NATASHA HINES: I'll echo everything that the other witnesses are saying. Thank you so much for having us and listening to our points today. I will say that when we worry about parts of the population that fall through the cracks - marginalized populations, unhoused, youth and things like that - if this benefit covered everybody, we would have to worry far less about the people whom we're missing and the people who are falling through the cracks. I hope that you will consider implementing this benefit because it really will mean a lot to a lot of different people.
THE CHAIR: Dr. Strang.
DR. ROBERT STRANG: In my 30 years as a public health physician, sexual health - today is a reminder of this - has always remained underappreciated in terms of overall health system approaches for many reasons we could talk a lot about. It highlights lots of inequities and lots of power disparities, et cetera, in society - lots of discussion and lots of gaps, but also opportunities identified today.
I want to end by thanking all my colleagues around here for the work that they do with limited resources, addressing the sexual health needs of Nova Scotians, and also using their opportunity and their voices today to raise these issues on behalf of Nova Scotians.
THE CHAIR: Ms. Stockman.
CYNTHIA STOCKMAN: I just want to echo what everyone is saying and thank you very much for having us here today. Wouldn't it be great if we didn't actually need a ROSE Clinic and didn't need to expand abortion services across the province? Wouldn't it be great if people didn't have to have an abortion to actually be able to access contraceptives? That really is the message: providing access before they get to the point that they see us at the Nova Scotia Health Authority would be absolutely amazing for the Province.
THE CHAIR: Ms. Ferguson.
ABBEY FERGUSON: Thank you all for your questions and thank you to my colleagues for being here today. I am really looking forward to a day in which my $17,000 is reinvested into other programming and services to meet the health needs of Nova Scotians.

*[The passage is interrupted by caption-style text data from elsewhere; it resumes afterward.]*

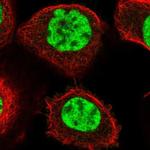 PPP1R8 Polyclonal Antibody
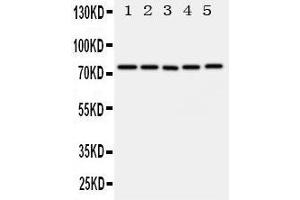 Western Blotting (WB) image for anti-ATP-Binding Cassette, Sub-Family G (WHITE), Member 1 (ABCG1) (AA 627-647), (C-Term) antibody (ABIN3044094) (ABCG1 抗体  (C-Term))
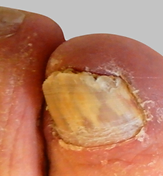 ToeFX phototherapy result 3 — before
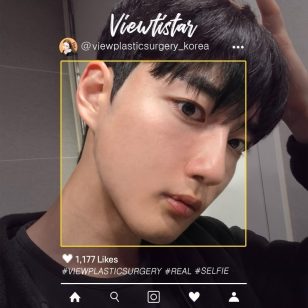 [Контурная пластика в 3точках + Блефаропластика] Park Jinwon | Plastic Surgery Korea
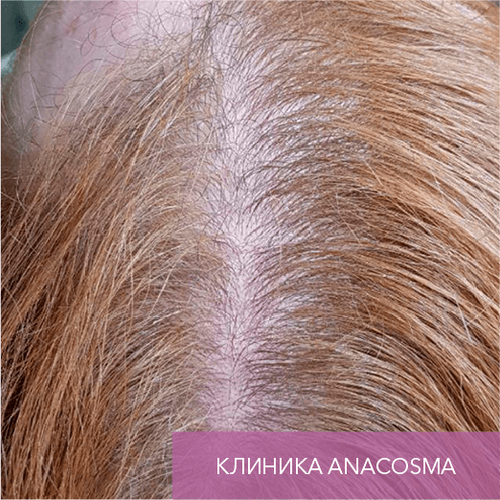 Endoret PRGF_before_18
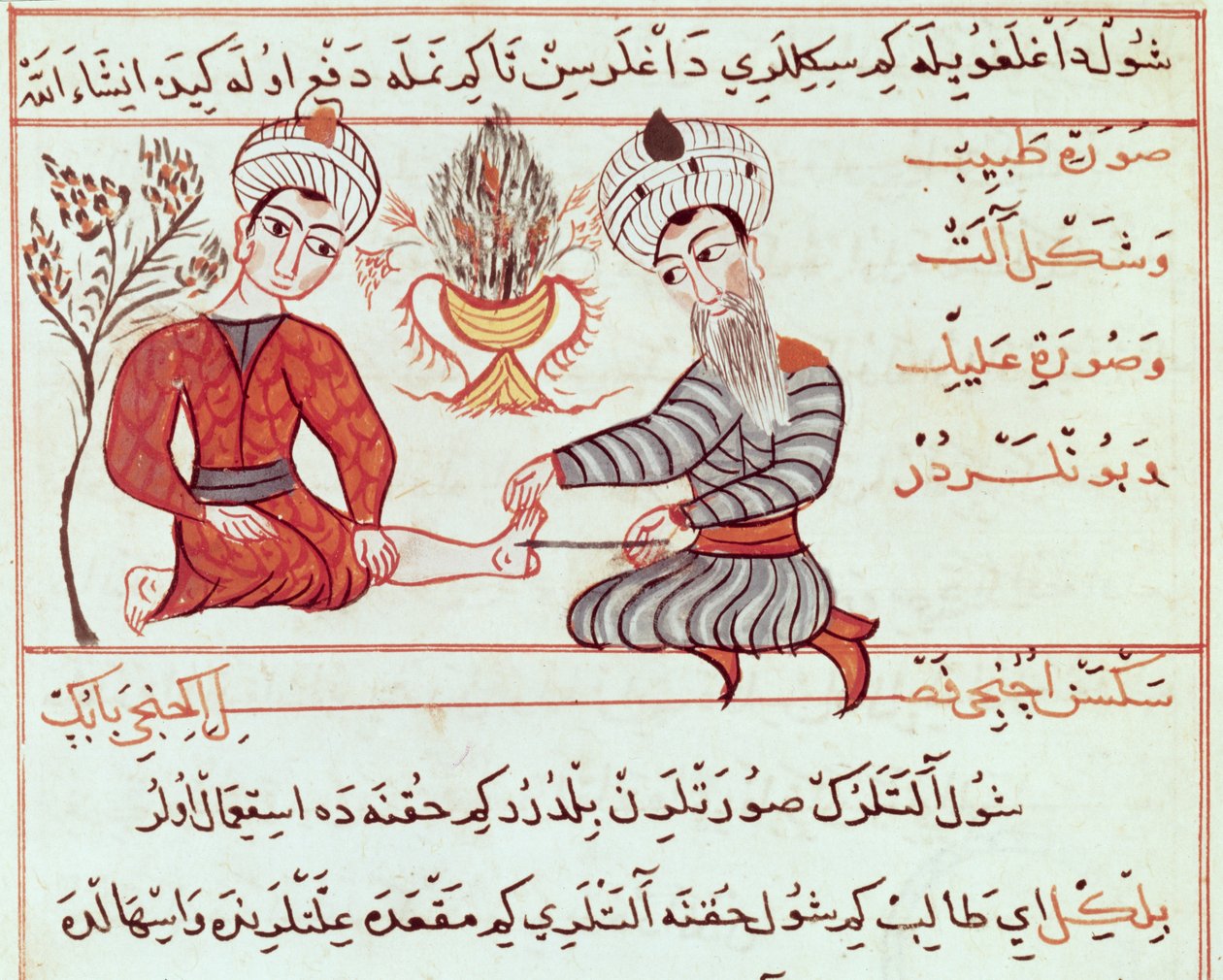Ms Sup Turc 693 fol.125沸騰およびいぼの治療、1466 作： キャラフエディン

I really hope that weighs on you, that we've already been providing free contraceptives for over 40 years. That clearly shows that the need has been in existence for a long time.
THE CHAIR: I want to thank you all for coming. It's been great questions. You're excused. I'm going to give us a two-and-a-half-minute break. We'll be back in two-and-a-half minutes. We're in recess.

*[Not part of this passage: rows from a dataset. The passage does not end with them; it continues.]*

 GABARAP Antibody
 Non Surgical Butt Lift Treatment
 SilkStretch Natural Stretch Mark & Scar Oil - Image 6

[2:53 p.m. The committee recessed.]
[2:56 p.m. The committee reconvened.]
THE CHAIR: Order. Okay, we're back. Order. I'm going to go through committee business as quickly as I can because we've got some things.
There were some requests for information. Everyone would have received the response from Executive Council on the request that happened at the last committee. Any discussion on that letter? Okay.
Department of Seniors and Long-term Care follow-up for inquiries from the meeting on April 8th: The document's been received. Any discussion? Great.
The next thing is the deferred motion. MLA Rankin.
HON. IAIN RANKIN: I did check my emails today before I came in and was pleasantly surprised to see that the government has come out with supporting the motion. This is a win for advocates. I'll officially retract the motion because it becomes moot. The government has indeed gone forward with a round table, so I want to thank government. I won't celebrate it yet until I see action come from the round table, and I just want to say that the credit does go out to the advocates who pushed government for this. I was simply a voice for those advocates at committee, and I think it's a great day that we'll be moving forward with the round table.
THE CHAIR: Can I have unanimous consent to have the motion removed?
I see the unanimous consent.
The motion is removed.
Legislative Library research: They were going to attend. Thank gosh they didn't because we wouldn't have had time again. They will be here in July. Since the witnesses are not long, I expect we'll be able to get them done.
There's no other committee business; I haven't received any notice. The next meeting is July 8th, 1:00 p.m. to 3:00 p.m. - Expansion of Multidisciplinary Care Teams. Witnesses are the Department of Health and Wellness and the Nova Scotia Health Authority, and we will have the librarians in to do that.
We're adjourned. See you next month.